An Epic Discovery, the Award of a Lifetime

Macarthur Winner Jeffrey Alan Miller ’06

English professor Jeffrey Alan Miller ’06 specializes in early modern literature, history, and theology.

Courtesy John D. & Catherine T. MacArthur Foundation

By Carrie Compton

Published Oct. 11, 2019

2 min read

In early fall, English professor Jeffrey Alan Miller ’06’s office phone at Montclair State University rang, which almost never happens. He ignored it. Soon after the ringing stopped, he received an email from the MacArthur Foundation saying they’d called to ask him to confidentially evaluate a nomination. 

“I’m thinking, ‘What an honor!
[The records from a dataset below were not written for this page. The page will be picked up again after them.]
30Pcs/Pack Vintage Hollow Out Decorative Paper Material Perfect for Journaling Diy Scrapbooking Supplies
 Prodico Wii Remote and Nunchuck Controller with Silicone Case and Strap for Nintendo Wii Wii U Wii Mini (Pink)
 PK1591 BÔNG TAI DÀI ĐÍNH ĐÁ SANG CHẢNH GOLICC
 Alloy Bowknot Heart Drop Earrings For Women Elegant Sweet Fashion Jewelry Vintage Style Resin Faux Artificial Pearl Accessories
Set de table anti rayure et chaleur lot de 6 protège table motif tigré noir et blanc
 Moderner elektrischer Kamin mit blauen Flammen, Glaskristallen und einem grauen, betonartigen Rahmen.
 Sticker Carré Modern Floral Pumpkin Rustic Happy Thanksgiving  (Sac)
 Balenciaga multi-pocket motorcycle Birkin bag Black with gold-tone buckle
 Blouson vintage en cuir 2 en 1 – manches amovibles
I wonder if I can put this on my CV.’” Imagine his surprise when a MacArthur representative called back and dropped the ruse: Miller was one of the 2019 “genius grant” winners — a $625,000 no-strings-attached stipend paid out over five years. “My first reaction was to ask them if it was a prank,” he says.

Miller made headlines worldwide in 2015 for his discovery concerning a 17th-century notebook in the archives at Cambridge University. The notebook belonged to Samuel Ward, one of about four dozen translators whose work culminated in the King James Bible. Miller dates the notebook to about 1604; it shows Ward’s work as he puzzled out translations, and it is the only known portion of the Bible written by one of the translators. Further, Ward’s writings suggest that his work was a slice of subdivided labor — not a robust collaborative effort, as had been previously believed. One expert told The New York Times that the finding was “perhaps the most significant archival find relating to the King James Bible in decades.” 

Miller is working to finish a book on his findings, which will be accessible to the lay reader. Another project includes a book on John Milton, whom he describes as “the beating heart of everything I do.” 

The MacArthur website says Miller was chosen, in part, because of his ability to “[shed] light on the emergence of key ideas about the role of faith in daily life and government among Reformation and Renaissance scholars.”

Miller, who did his graduate work as a Rhodes Scholar at Oxford University, says he owes much to Princeton literature professor Nigel Smith for granting him — as an undergrad — entry into his graduate seminar on Milton. “He also pushed me to do a Rhodes scholarship,” Miller says. “I thought, ‘Give me a break! People like me don’t get those things.’”

Smith is anything but surprised by his former student’s win. “[Miller has] the uncanny ability to see into familiar literary material and to remake our understanding of it significantly and profoundly,” he says. “It is a rare gift. This is what has persuaded the MacArthur judges.”